What the exercise asks:
Please copy the data shown below, word for word.

Data below:
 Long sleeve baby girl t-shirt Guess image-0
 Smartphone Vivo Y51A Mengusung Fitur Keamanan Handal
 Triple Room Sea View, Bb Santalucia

The answer:
 Long sleeve baby girl t-shirt Guess image-0
 Smartphone Vivo Y51A Mengusung Fitur Keamanan Handal
 Triple Room Sea View, Bb Santalucia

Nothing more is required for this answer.